I'm trying to pick a compressor for my turbo project, which means doing some math and then plotting some points. However, I've hit a snag.

Using MazdaManiac's "Rotary Math" thread for guidance on the engine's characteristics, and the formulae at the end of a thread I found on turbo sizing, I'm getting some numbers that are well outside the range I expected. In fact, it's calling for PR's that are approximately triple what I would have expected. So then I decided to run the same calcs, replacing my HP goal with the 333hp the stock fuel system can support, and again, the PR from the turbo sizing article formula is about 3 times that listed in the Rotary Math thread.

The issue seems to be in the MAP calculation, where the turbo sizing thread says
MAP=[MFR * 639.6 (460 + Tin)]/VE(RPM/2)*CID.

What I found is that if I drop the 639.6 from the equation and multiply the result by 200, then the numbers start to look similar. So: MAP = [200*MFR(460+Tin)]/VE(RPM/2)CID seems to correlate approximately, but not precisely to what MazdaManiac's write up suggests.

Now, since MM's numbers are in line with what I was expecting, and he's successfully driving around with a turbo, I'm more inclined to trust them than this other thread. At this point, I'm really just wondering if I'm missing something, or if the turbo sizing thread I found is missing something.

I don't have the exact numbers, as I was doing the calcs on a desk calculator and not writing anything down. I'm just trying to ensure I understand what I'm doing in this phase before I try to use this info while looking at compressor maps.

 

Seems, wrong...

Can you rewrite the equation with the variable NAMES instead of just the numbers?

I always calc for MFR on the engine to get HP goal, then go from there to get the PR required for MFR required.

 

Here are some of the equations I use.

PR Compressor = (boost - Pressure Drop + ambient)/ambient
Ideal Temp Out =[(Tin + 460) * PR^.283]-460
Actual Temp Out = [(Tout Ideal – Tin) / Efficiency] – Tin
Density Ratio = PR * [(Tin + 460)/(Tout+460)]
Engine Displacement +[(#Cyl)*(Stroke)*(Bore)^2]/1.27
VFR100% = [(Disp)(RPM)]/ 3456 or 1728 rotary
VFRactual = (VFR100%)(VE)
MFR – NA = [(2.703)(PAmbient)(VFR)]/[TAmbient + 460]
MFR – FI = (MFR-NA)(DR)
Horsepower = (MFR)(60)/(A/F Ratio)(BSFC)
Or MFR * 10 = Horsepower (Rule of Thumb)

 

That affects the VFR as noted, the other equations are fine.

 

Werd, you da man CRH.

 

I am a legend in my own mind...... LOL

 

Unfortunately, all the variable names I have are in the post. Toward the end of the turbo sizing write-up, the author says "Don't worry about the constants like 3456, 60 or 639.6, they're simply there to tidy things up and convert units."
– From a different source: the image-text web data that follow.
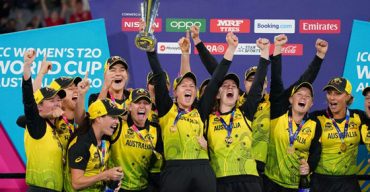 ফাইনাল খেলার শিরোপার উল্লাসে মেতে উঠল অস্ট্রেলিয়ান মেয়েরা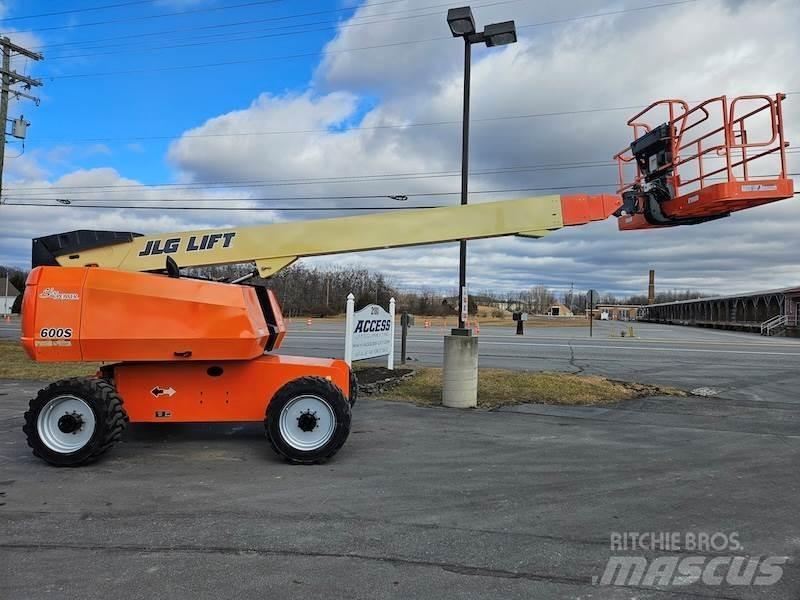 JLG 600S Teleskoplifte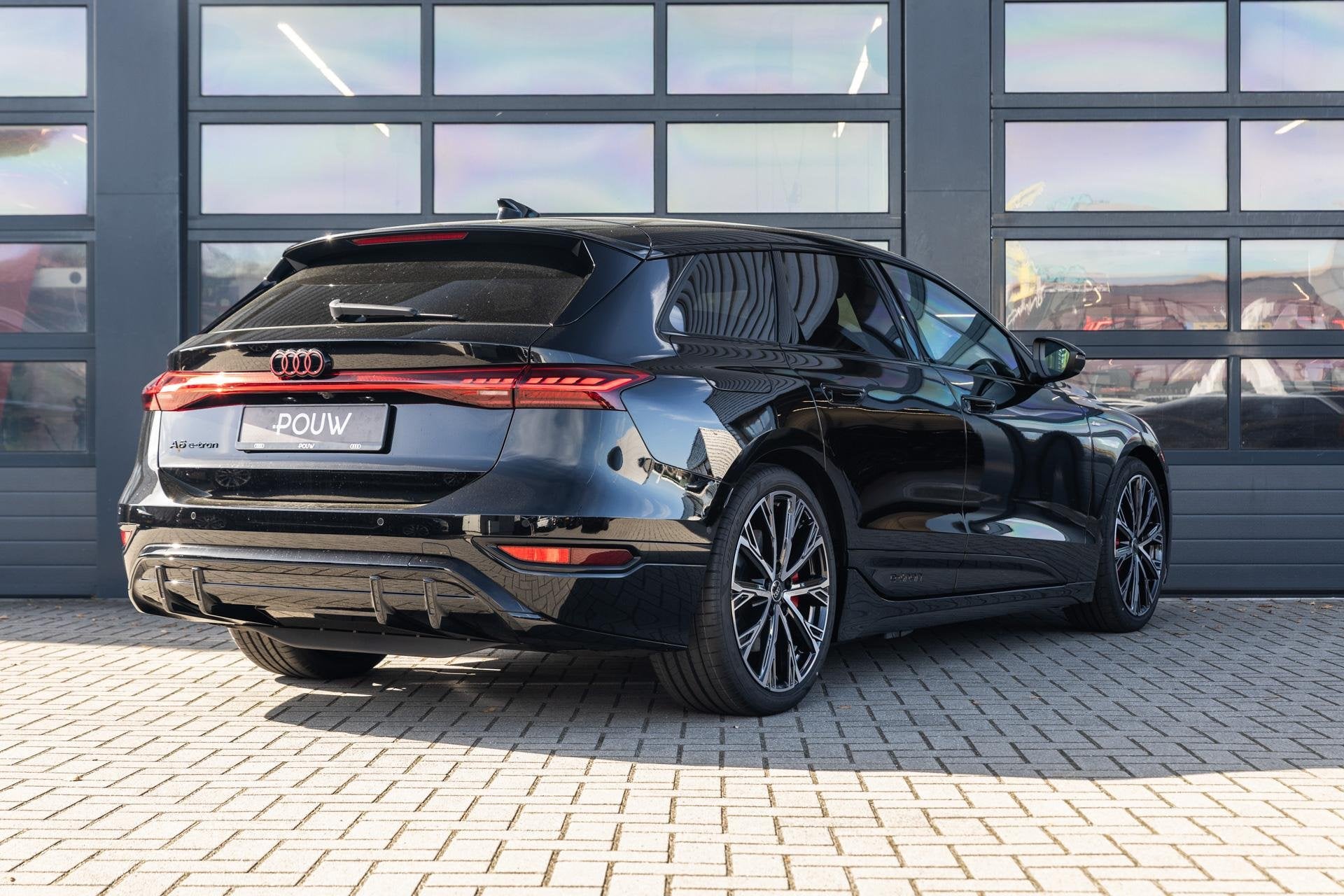 Audi A6 Avant e-tron 367pk S Edition 100 kWh | 21" Velgen |, Auto's, Audi, Automaat, 12 maanden, Achterwielaandrijving, Parkeercamera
Yeah, I know rotaries flow double the air, that's why I tried multiplying the results by 200.

The raw number in question, 639.6, is some sort of conversion operator, but the source doc doesn't say what for.
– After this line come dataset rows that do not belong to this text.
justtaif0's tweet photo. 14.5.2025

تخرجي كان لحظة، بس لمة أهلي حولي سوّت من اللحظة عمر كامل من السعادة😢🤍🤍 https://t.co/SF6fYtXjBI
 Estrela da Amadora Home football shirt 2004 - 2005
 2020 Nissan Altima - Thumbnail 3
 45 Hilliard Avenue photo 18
I guess, if the numbers come out right after dropping the 639.6 and multiplying the results by 200 (2 didn't work, so I tried 100 thinking in percentages, that didn't work, so I tried 200, thinking double percentage, and it came out approximately where I expected), I can just use the formula that way.

 

I have spent some time learning the math and sizing lately.... took me quite a while sifting through different turbos to learn that this is as dead on right as it gets....

i dont remember the specific number off hand, but i do recall this turbo should spool right about 3,000 rpms; and hold way more boost to redline then we have ignition for ATM

 

What is the "639.6" and why are you trying to calculate of MAP?

Just calculate MFR and find the points on the compressor map that correspond. MAP will dictate itself and is, in the big picture, irrelevant.

 

I was trying to find MAP 'cause the turbo sizing write-up I found said to use that to find the Pressure Ratio. I have no idea what that "639.6" is. I'll have to try getting in touch with turbo sizing thread author again.

I like to understand why the math works before I trust it.

Thanks for the help.

 

Start with the air the engine needs to get your target HP.

Then you can size the turbo based on those air volume amounts. That is what my series of equations will do.

The pressure ratio at that point you can play with and see what HP it will bring.